The head of the Cayman Islands financial services industry trade group rejected the charges.
“Professor Sachs needs to understand that a significant part of the banking assets registered in Cayman are US banks placing overnight deposits in their own Cayman-registered branch,” Cayman Finance Chief Executive Officer Gonzalo Jalles said in an e-mailed statement to Bloomberg on May 8. “The money is effectively being transferred between accounts in New York and not being exposed to how a local banker in Cayman decides to invest it.”
The British Overseas Territory has the highest number of hedge funds in the Caribbean.
About 10,900 funds were registered there in the first quarter, up from about 9,990 in 2011, according to the Cayman Islands Monetary Authority (CIMA).
The CIMA is responsible for the regulation and supervision of financial services. It says officials on its board of directors can have contractual relationships with entities they are charged with regulating.
The board’s members are “responsible for the policies and general administration of the affairs and business,” CIMA says on its website. “This benefits the Authority as they have current knowledge and experience of the regulated industry.”
“It calls into question the degree to which they can exercise their fiduciary duties,” John Prout, executive director of the Foundation for Fund Governance in Washington, told Bloomberg.
“It’s a small country. It has a high calibre of professionals on the island, but they have to move beyond a small-island mentality.”
Officials at CIMA didn’t respond to questions e-mailed by Bloomberg News. Sachs wasn’t immediately available to respond because he is travelling, according to an official in his office who asked not to be identified.
The Cayman Islands was cited for accounting shortcomings in a 2010 report by the Organisation for Economic Cooperation and Development.

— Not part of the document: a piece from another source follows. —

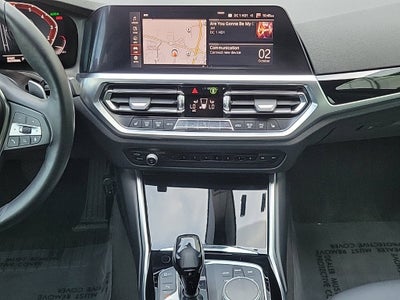 2019 BMW 3 Series 330i xDrive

A year later the nation was praised for moving “quickly” to address the report’s findings. The country has 31 tax sharing agreements with nations ranging from the US to Japan, according to the Paris-based OECD.
“I have no problem with the Cayman Islands developing its financing expertise and housing a financial industry commensurate with its size and its capacity to protect the world from abuses and upheavals,” Sachs, who has advised countries from Bolivia to Russia on handling economic crises, wrote in his May 7 letter. “Instead, it is being used by powerful and out-of-control forces vastly beyond the Caymans’ capacity to regulate, monitor or backstop in the event of crisis.”